I guess the only solution will be to bait the butternut seedlings with fish heads and hope she develops a taste for Glen Baker’s soybeans.  Time to go fishing.  Now that’s a plan.  Thanks, Brian.

UPDATE:  July 11/2009

Another encounter with Daphne went somewhat better for both of us.  When I came upon her she was firmly ensconced in the middle of my neighbour’s wheat field.  She looked up at my approach, froze, and stared me down  until I grew bored and drove away.  Hey, she’s not eating my nut trees, so what’s the harm?  Hope you enjoy the wheat, Daphne.

The trouble with Daphne

June 21, 2009

Daphne came into our lives when she was abandoned the day her mother gave birth to a new fawn behind the barn.  The yearling white-tail was left to wander, and she seems to have fixed upon the walnut field next to the woods as her new home.

This has done no good for the seedlings.  For a hundred-foot radius from Daphne’s bed, the taller seedlings have been trimmed back to the bark and the shorter  walnuts have had their tops nipped off.  For some reason Daphne prefers her meals served in the open, and from knee to shoulder height.  The earlier leaves from a hundred young butternut trees kept her happy until the walnuts came on, but now she won’t be separated from her favourite food for long.

Take this morning, for example.  In a rage yesterday I had chased her clean out of the field.  I drove back this morning to see if this moment of uncharacteristic energy on my part had had any effect.  No.  Daphne greeted me with wide eyes and perked ears, but she didn’t stop munching on a tender walnut seedling until I drove up close to her.  Then she moved away.  I expected her to pick up my scent, flip the tail, snort and run away, hopefully to the other side of someone else’s woods.  But no.  She walked away about a hundred feet, then turned and started to work her way back toward me, bobbing her head from side to side and doing that alert-stupid thing deer are so good at.

O.k.  It’s the running engine.  I turned off the key, fully expecting this to produce panic and flight.   Nope.  On she came.  About forty feet from the Ranger she suddenly took flight – until she thought better of it after a couple of leaps.  Then she threw up her tail and dashed in a semi-circle around me and towards the woods.  But she turned and came back to take up station on the other side of me. Obviously my vehicle and I were occupying the very spot on this earth where she most wanted to be, and would we please leave?

She made a couple of more attempts to crowd me out of her territory, jumping, stamping her feet, and letting out these little snorts before setting off on another hell-for-leather rush to the other side of the Ranger where she started up her inquiring looks again.

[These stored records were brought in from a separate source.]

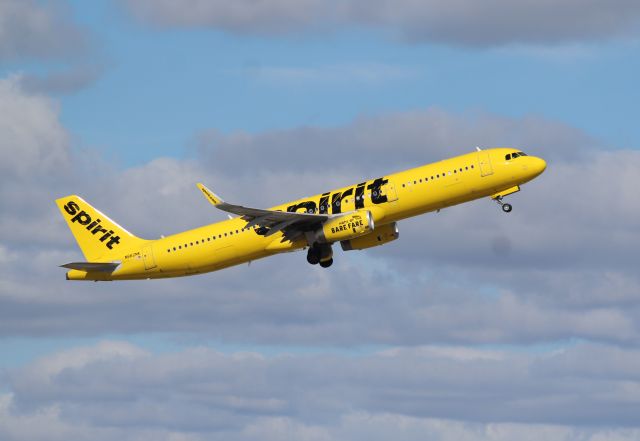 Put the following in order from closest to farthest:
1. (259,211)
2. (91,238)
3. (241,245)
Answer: (259,211) < (241,245) < (91,238)

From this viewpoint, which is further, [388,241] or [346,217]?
[388,241]

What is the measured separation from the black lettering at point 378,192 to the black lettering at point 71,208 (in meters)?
27.3


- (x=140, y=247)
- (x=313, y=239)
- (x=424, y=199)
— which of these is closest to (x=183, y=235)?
(x=140, y=247)

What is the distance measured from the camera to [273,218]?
92.4 m

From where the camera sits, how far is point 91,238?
104562mm

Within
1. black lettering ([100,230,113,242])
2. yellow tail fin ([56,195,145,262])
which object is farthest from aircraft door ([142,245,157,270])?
black lettering ([100,230,113,242])

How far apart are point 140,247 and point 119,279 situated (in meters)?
3.24

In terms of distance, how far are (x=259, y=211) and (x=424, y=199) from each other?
1163 centimetres

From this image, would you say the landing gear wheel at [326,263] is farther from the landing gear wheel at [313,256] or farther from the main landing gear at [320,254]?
the landing gear wheel at [313,256]

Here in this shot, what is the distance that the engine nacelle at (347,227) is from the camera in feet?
301

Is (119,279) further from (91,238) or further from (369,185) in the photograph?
(369,185)

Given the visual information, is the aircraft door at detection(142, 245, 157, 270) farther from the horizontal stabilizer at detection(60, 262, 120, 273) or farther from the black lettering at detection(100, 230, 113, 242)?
the black lettering at detection(100, 230, 113, 242)

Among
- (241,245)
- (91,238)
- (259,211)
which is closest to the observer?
(259,211)

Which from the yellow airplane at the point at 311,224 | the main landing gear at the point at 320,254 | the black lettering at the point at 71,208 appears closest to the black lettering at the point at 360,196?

With seven hundred  walnut trees in this field, why does she particularly want to eat this one?  And it’s almost all gone.

Eventually she gave up her attempt to frighten me off and stepped over the fence and behind a large tree to await my departure.

Daphne’s rapidly growing into a beautiful animal.  Her tail’s still not fully-fluffed, but she’s the lovely tan colour of a fully-grown deer in summer coat now.  We’d actually love to have her around if it weren’t for the way she Hoovers my walnuts.  I have spent three summers planting, mowing, watering and coddling these little trees, and she mows through them at an incredible rate.

Even camping in the field won’t work if she keeps coming back to her spot to put me out.  I remember two summers ago a young coyote had his bed in another field near the woods.  I nearly ran over him with a riding lawn mower one morning while on my way to trim around a line of spruces.  Young fellow was a very sound sleeper.  The coyote pup, as well, deeply resented my intrusion into his territory, and when I later mowed the field, he spent the day circling to try and find a safe way back to his bed, his favourite bones, and a rubber chew toy.

But he was a coyote, and defined by society as a destructive varmint, even though he caught and ate mice everywhere he went and did his best to keep the squirrels and chipmunks honest.  No fate is too terrible for the local coyote.  Poison, traps, grayhounds, even running down with vehicles – all are acceptable.  Daphne, on the other hand, is protected by law as a natural resource, even though she is cutely chewing her way through my livelihood.  Now which one is the varmint?